Vermeidbare Niederlage

Für die Waffengegner war das Ergebnis ein Schock, für Präsident Luiz Inácio Lula da Silva eine ärgerliche, weil vermeidbare Niederlage. Noch im September hatte die Regierung melden können, dass 2004 in Brasilien 3234 weniger Menschen erschossen wurden als 2003. Damit sei die Anzahl der Todesopfer durch Schusswaffen erstmals seit 1992 auf insgesamt 36 091 zurückgegangen, hiess es in einer Studie des Gesundheitsministeriums. Nicht nur der Justizminister sah einen Zusammenhang mit der Entwaffnungskampagne, während der die Brasilianer seit Juli 2004 knapp 470000 Schusseisen abgegeben haben – gegen eine Stückprämie von 50 bis 150 Franken.
Umfragen hatten daraufhin eine klare Mehrheit für das Ja beim Referendum signalisiert. «Es war der schnellste und intensivste Stimmungsumschwung, den ich je gesehen habe», meinte Ricardo Guedes, Chef des Meinungsforschungsinstituts Sensus nach der Abstimmung.
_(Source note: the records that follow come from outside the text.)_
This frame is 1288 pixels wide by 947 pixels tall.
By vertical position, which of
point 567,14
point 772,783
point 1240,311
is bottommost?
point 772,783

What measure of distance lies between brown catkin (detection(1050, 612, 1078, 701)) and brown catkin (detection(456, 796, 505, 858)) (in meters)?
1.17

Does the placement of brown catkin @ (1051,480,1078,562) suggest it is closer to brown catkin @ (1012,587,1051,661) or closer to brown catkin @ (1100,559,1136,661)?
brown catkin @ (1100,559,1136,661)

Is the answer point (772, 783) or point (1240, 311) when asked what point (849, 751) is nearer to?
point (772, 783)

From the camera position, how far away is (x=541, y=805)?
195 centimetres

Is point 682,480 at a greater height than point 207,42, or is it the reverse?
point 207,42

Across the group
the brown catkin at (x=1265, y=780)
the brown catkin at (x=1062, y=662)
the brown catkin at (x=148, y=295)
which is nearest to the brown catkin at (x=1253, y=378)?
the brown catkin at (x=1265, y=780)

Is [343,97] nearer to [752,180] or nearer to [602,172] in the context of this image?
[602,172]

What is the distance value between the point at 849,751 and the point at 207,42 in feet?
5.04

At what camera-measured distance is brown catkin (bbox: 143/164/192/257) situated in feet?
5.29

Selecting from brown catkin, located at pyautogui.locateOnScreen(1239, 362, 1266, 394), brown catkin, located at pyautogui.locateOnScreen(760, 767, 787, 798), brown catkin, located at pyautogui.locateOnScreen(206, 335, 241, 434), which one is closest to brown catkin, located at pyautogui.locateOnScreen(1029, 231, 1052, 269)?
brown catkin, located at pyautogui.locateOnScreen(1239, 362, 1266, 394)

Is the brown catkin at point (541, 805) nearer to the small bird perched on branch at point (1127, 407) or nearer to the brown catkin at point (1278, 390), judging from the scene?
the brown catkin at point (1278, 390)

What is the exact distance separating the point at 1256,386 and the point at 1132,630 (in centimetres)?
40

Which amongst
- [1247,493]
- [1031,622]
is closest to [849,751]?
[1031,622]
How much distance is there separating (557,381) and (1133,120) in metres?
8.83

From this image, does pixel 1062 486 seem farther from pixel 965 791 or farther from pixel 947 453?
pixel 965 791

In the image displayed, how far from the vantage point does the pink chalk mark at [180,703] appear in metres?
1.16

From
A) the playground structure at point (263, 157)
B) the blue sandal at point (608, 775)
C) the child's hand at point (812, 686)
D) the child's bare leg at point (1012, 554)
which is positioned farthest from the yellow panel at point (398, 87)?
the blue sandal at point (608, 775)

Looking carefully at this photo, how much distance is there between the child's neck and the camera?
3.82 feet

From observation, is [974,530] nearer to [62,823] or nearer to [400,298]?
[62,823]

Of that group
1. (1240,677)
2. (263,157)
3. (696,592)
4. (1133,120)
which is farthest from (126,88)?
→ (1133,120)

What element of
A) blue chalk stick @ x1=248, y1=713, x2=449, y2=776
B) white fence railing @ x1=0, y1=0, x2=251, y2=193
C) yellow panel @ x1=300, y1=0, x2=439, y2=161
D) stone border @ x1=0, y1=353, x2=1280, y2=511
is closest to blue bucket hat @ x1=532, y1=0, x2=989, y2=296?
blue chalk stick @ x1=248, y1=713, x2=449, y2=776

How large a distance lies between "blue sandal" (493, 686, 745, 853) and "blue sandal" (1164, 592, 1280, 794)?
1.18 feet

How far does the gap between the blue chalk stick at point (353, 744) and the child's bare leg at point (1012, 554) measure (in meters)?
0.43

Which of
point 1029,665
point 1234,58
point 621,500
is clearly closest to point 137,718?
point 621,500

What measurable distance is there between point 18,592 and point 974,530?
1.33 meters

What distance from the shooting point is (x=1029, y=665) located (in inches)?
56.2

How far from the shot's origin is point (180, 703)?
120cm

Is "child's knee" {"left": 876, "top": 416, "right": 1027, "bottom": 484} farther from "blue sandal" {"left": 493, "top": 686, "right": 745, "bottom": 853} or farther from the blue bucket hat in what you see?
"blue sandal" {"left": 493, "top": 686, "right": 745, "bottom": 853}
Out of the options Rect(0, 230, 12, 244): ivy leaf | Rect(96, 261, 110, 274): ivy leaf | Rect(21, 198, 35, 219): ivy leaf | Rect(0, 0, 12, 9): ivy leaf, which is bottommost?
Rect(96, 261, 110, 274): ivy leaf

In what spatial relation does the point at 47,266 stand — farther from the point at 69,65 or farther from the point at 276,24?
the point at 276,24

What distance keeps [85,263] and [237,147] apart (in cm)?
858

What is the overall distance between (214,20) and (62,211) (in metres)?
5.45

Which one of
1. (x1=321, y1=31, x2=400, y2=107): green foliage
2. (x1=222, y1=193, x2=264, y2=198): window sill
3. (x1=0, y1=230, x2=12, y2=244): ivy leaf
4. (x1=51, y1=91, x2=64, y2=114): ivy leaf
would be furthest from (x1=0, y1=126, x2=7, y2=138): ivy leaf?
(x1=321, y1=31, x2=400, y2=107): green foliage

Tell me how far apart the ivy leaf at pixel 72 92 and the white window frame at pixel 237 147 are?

Mit ihrem Votum drücke die Bevölkerung aus, dass sie den Sicherheitsorganen nicht vertraue, meinte der Abgeordnete Luiz Eduardo Greenhalgh, wie Lula Mitglied der Arbeiterpartei PT. Die Regierung habe das Volk allein gelassen, schimpfte sein Kollege Paulo Delgado. In der Tat: Lula und andere PT-Spitzenpolitiker hatten sich auffällig zurückgehalten.
Die «Front Brasilien ohne Waffen» organisierte ihre Kampagne äusserst unglücklich. Statt auf Politiker aus allen Lagern setzte sie in ihren Werbespots auf Schauspieler. Erst zuletzt rückte sie sicherheitspolitische Argumente in den Vordergrund. Die von der Waffenlobby organisierte und gesponserte Gegenseite hingegen hämmerte der Bevölkerung ein, sie dürfe sich nicht entmündigen lassen: «Unbescholtene Bürger müssen auch weiterhin ein Recht auf Notwehr haben», sagte Carlos Murgel von der Pistolenfabrik Taurus in Porto Alegre.
Doch die Ursachen für die Niederlage der Friedensinitiativen liegen tiefer: Wie der Ladenbesitzer Claudio Seiffert finden die meisten Brasilianer, dass sie immer unsicherer leben – und dass die Behörden keine effektiven Rezepte gegen die Kriminalität zu bieten haben. Polizisten sind notorisch unterbezahlt und häufig korrupt. «Die Verbrecher lachen doch nur über die Entwaffnung», sagt Seiffert.
Zudem ist die Kluft zwischen Arm und Reich unverändert tief. Und in der Menschenrechtspolitik hat die Regierung Lula in den letzten drei Jahren keine grundlegende Wende einleiten können, wie auch der jüngste Bericht von Amnesty International über Brasilien* belegt. Die weit verbreitete Enttäuschung über die nicht eingelösten Versprechen des einstigen Hoffnungsträgers könnte sich in einem Rechtsruck niederschlagen. «Vor allem für die Jungen ist die Arbeiterpartei immer weniger ein ethischer und politischer Anhaltspunkt», stellt der Soziologe Luiz Eduardo Soares fest. Der Querdenker auf dem Gebiet der Sicherheitspolitik, der vor drei Jahren das entsprechende Kapitel für Lulas Wahlprogramm verfasst hatte, wurde von den Apparatschiks der Partei aus der Regierung gedrängt.

Ermutigende Beispiele

Es gibt allerdings auch ermutigende Gegenbeispiele: In Jardim Ângela, einem vormals wegen seiner Mordzahlen berüchtigten Armenviertel von São Paulo, ziehen die städtischen Behörden, die Polizei, die katholische Kirche und andere Bürgergruppen in der Sozialpolitik seit Jahren an einem Strang, mit eindrucksvollen Ergebnissen.
Gegen die Gewalt reichen gute Absichten allein nicht aus. Erforderlich ist ein langer Atem – auch diese Botschaft war in dem millionenfachen Nein des Referendums enthalten.   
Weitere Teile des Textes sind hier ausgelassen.